THE TASK: Could you give back exactly the lines below from the one with "Custom Black And" through the one with "Jordan Pond Maine.Christmas", without a single picture?

DATA SECTION:

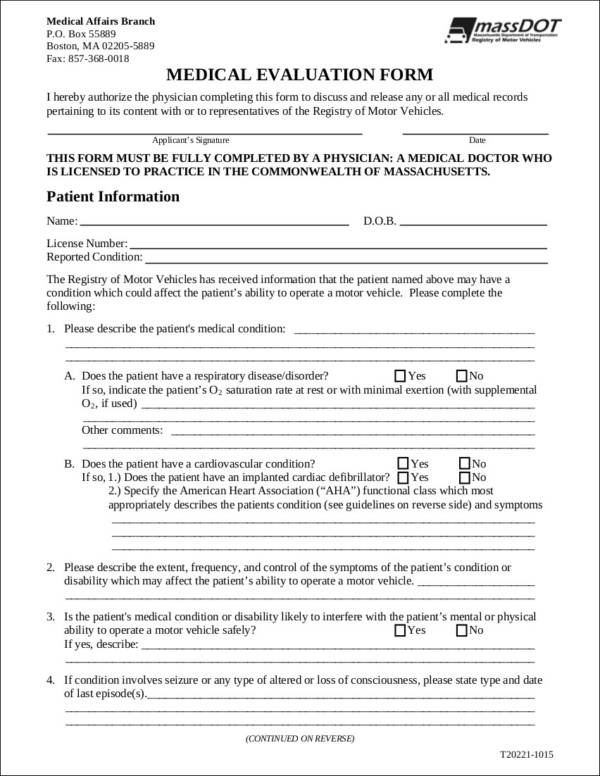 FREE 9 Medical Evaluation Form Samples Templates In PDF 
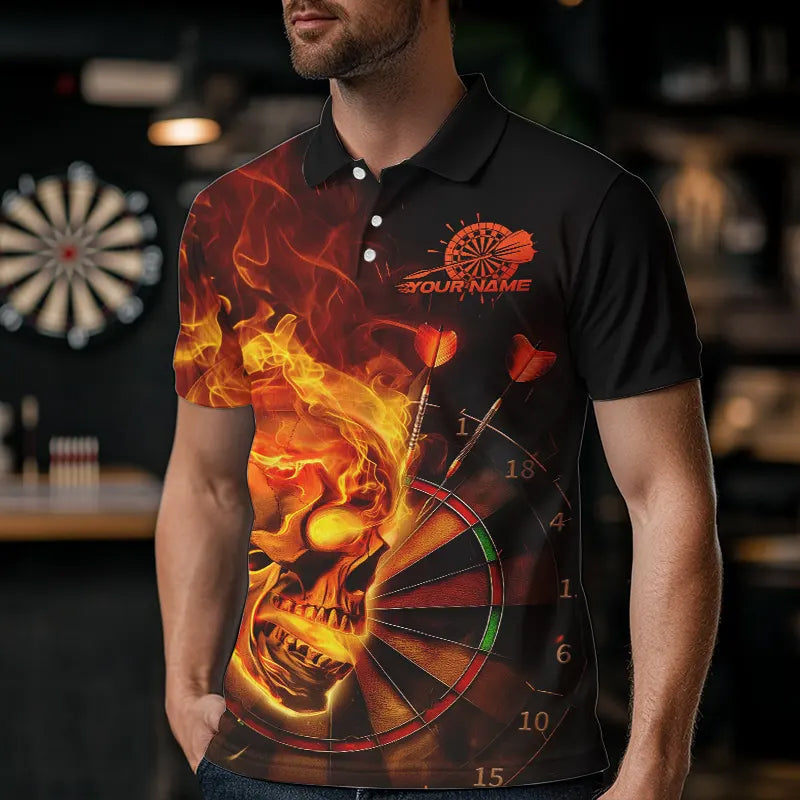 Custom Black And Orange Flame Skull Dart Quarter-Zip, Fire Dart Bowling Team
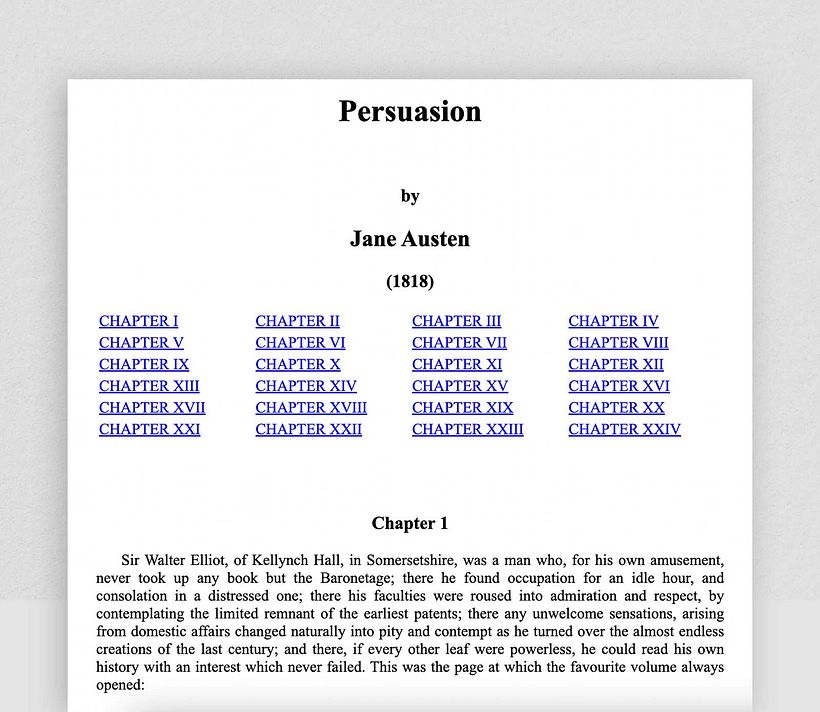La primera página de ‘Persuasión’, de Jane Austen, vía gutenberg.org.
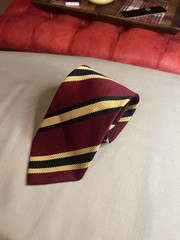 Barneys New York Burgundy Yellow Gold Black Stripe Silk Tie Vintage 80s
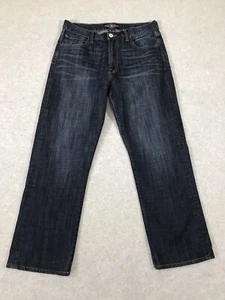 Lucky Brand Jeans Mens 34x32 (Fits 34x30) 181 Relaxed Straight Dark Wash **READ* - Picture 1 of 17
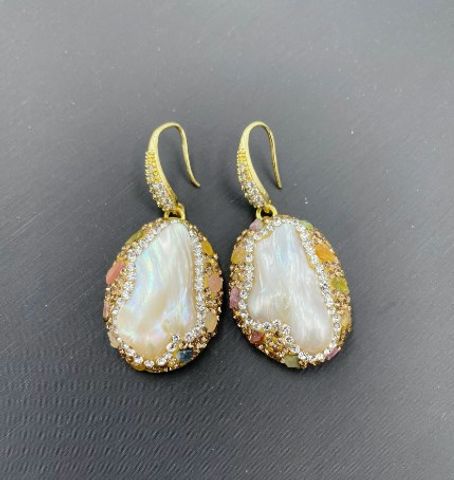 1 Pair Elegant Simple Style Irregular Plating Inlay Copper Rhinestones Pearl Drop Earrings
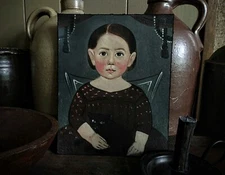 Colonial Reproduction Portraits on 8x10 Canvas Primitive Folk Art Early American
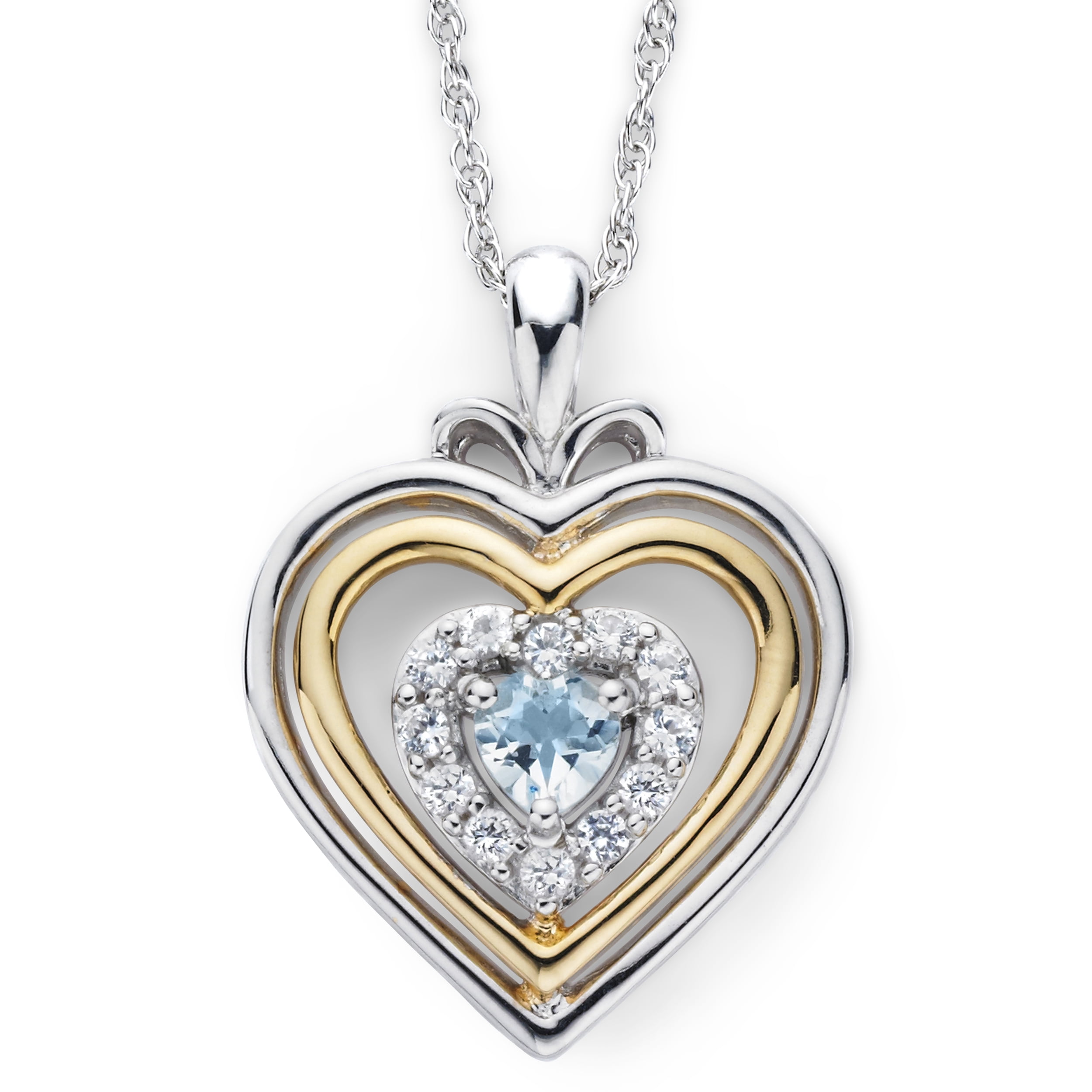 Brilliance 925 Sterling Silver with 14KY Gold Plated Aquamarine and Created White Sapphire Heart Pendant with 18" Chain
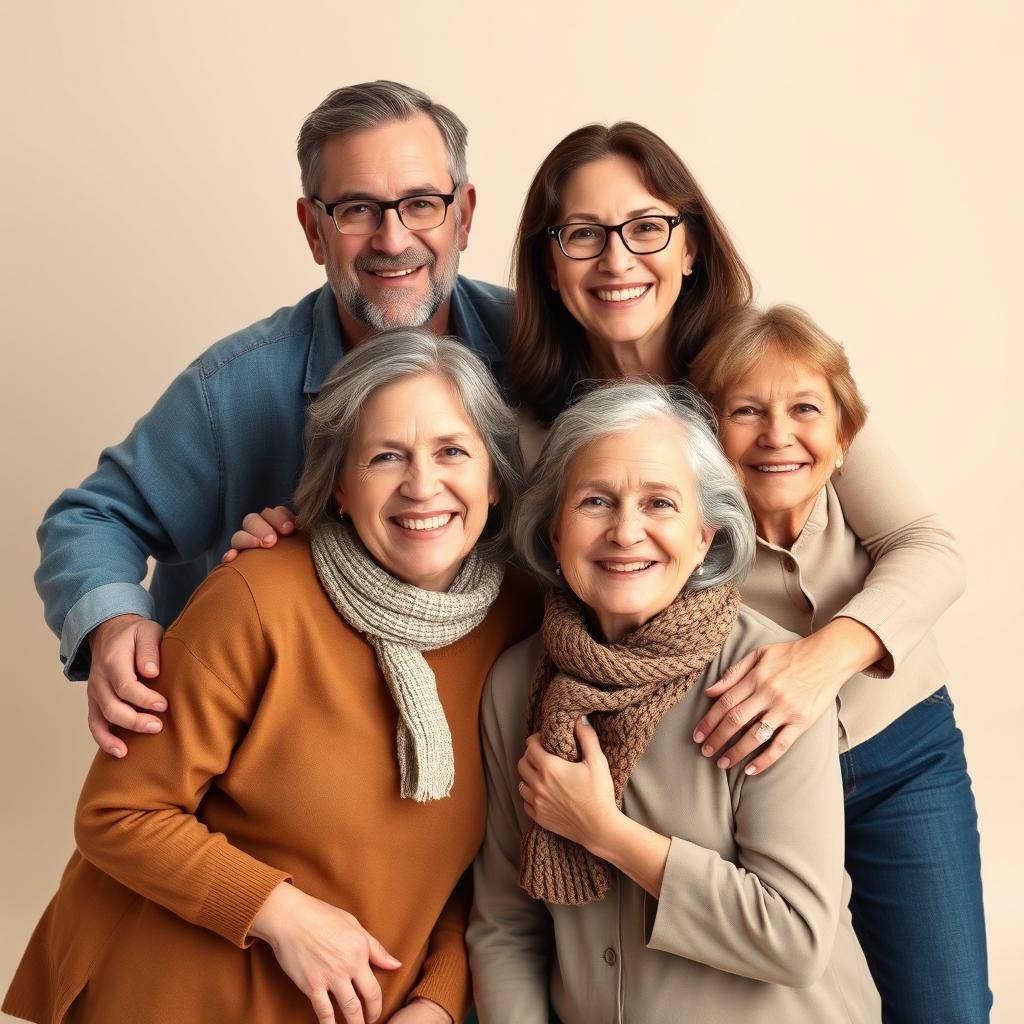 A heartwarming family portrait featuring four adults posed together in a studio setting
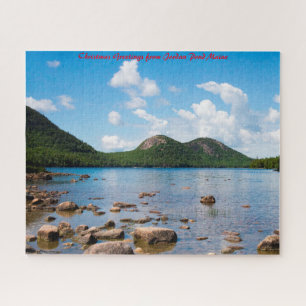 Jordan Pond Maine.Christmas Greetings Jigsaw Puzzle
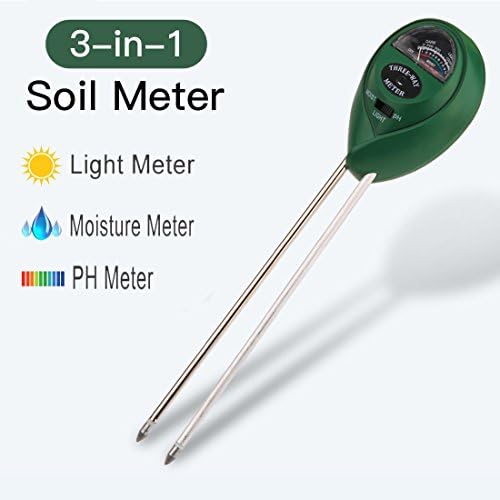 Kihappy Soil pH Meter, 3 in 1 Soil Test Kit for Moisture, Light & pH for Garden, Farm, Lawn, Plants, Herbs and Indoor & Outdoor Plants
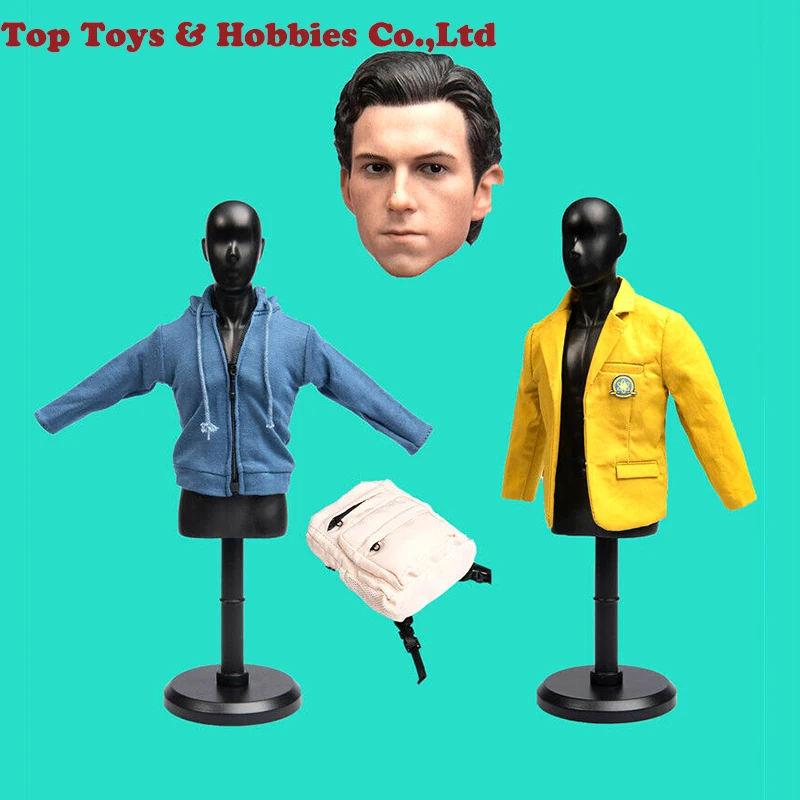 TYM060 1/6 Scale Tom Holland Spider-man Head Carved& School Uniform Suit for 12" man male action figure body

OUTPUT OF THE EXERCISE:
 Custom Black And Orange Flame Skull Dart Quarter-Zip, Fire Dart Bowling Team
La primera página de ‘Persuasión’, de Jane Austen, vía gutenberg.org.
 Barneys New York Burgundy Yellow Gold Black Stripe Silk Tie Vintage 80s
 Lucky Brand Jeans Mens 34x32 (Fits 34x30) 181 Relaxed Straight Dark Wash **READ* - Picture 1 of 17
 1 Pair Elegant Simple Style Irregular Plating Inlay Copper Rhinestones Pearl Drop Earrings
 Colonial Reproduction Portraits on 8x10 Canvas Primitive Folk Art Early American
 Brilliance 925 Sterling Silver with 14KY Gold Plated Aquamarine and Created White Sapphire Heart Pendant with 18" Chain
 A heartwarming family portrait featuring four adults posed together in a studio setting
 Jordan Pond Maine.Christmas Greetings Jigsaw Puzzle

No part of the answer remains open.